Here are the changes I tested on top of my current (revised in other ways) ProgPoW tree:

+++ b/libprogpow/ProgPow.cpp
@@ -113,9 +113,13 @@ std::string ProgPow::getKern(uint64_t block_number, kernel_t kern)
   ret << "uint32_t offset, data;\n";
 
   if (kern == KERNEL_CUDA)
+  {
+      ret << "const unsigned char *c_dag_uc = (const unsigned char *)c_dag;\n";
       ret << "const uint32_t lane_id = threadIdx.x & (PROGPOW_LANES-1);\n";
+  }
   else
   {
+      ret << "__local const unsigned char *c_dag_uc = (__local const unsigned char *)c_dag;\n";
       ret << "const uint32_t lane_id = get_local_id(0) & (PROGPOW_LANES-1);\n";
       ret << "const uint32_t group_id = get_local_id(0) / PROGPOW_LANES;\n";
   }
@@ -152,8 +157,15 @@ std::string ProgPow::getKern(uint64_t block_number, kernel_t kern)
           std::string dest = mix_dst();
           uint32_t    r = rnd();
           ret << "// cache load " << i << "\n";
-          ret << "offset = " << src << " % PROGPOW_CACHE_WORDS;\n";
-          ret << "data = c_dag[offset];\n";
+          ret << "offset = " << src << " & ((PROGPOW_CACHE_WORDS - 1) << 2);\n";
+          if (kern == KERNEL_CUDA)
+          {
+              ret << "data = *(const uint32_t *)&c_dag_uc[offset];\n";
+          }
+          else
+          {
+              ret << "data = *(__local const uint32_t *)&c_dag_uc[offset];\n";
+          }
           ret << merge(dest, "data", r);
       }
       if (i < PROGPOW_CNT_MATH)

For me, this improves the hashrate on Vega 64 and GTX 1080 by about 1% and on GTX Titan X Maxwell by about 2%. Yes, this is in my Maxwell-friendly tree. Speedups on the newer GPUs need to be confirmed on the original Maxwell-unfriendly ProgPoW as well, which I haven't done yet (am experimenting with more tweaks anyway), but I expect them to be about 1% as well (unless ProgPoW is fully memory-bound, in which case the would-be-speedup can instead be extracted to perform more random math, etc.)
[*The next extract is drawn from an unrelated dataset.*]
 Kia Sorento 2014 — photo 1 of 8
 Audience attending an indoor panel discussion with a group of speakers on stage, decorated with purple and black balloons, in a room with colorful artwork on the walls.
Another way to implement this change is:

+++ libprogpow/ProgPow.cpp  2019-05-06 14:31:44.081259833 +0000
@@ -153,8 +157,8 @@
           std::string dest = mix_dst();
           uint32_t    r = rnd();
           ret << "// cache load " << i << "\n";
-          ret << "offset = " << src << " % PROGPOW_CACHE_WORDS;\n";
-          ret << "data = c_dag[offset];\n";
+          ret << "offset = " << src << " & ((PROGPOW_CACHE_WORDS - 1) << 2);\n";
+          ret << "data = c_dag[offset >> 2];\n";
           ret << merge(dest, "data", r);
       }
       if (i < PROGPOW_CNT_MATH)

This is simpler in source code, but relies on the compiler figuring out that the explicit right shift by 2 cancels out with the array indexing's implicit left shift by 2. In my testing, this appears to provide a slightly smaller speedup than the lengthier patch above.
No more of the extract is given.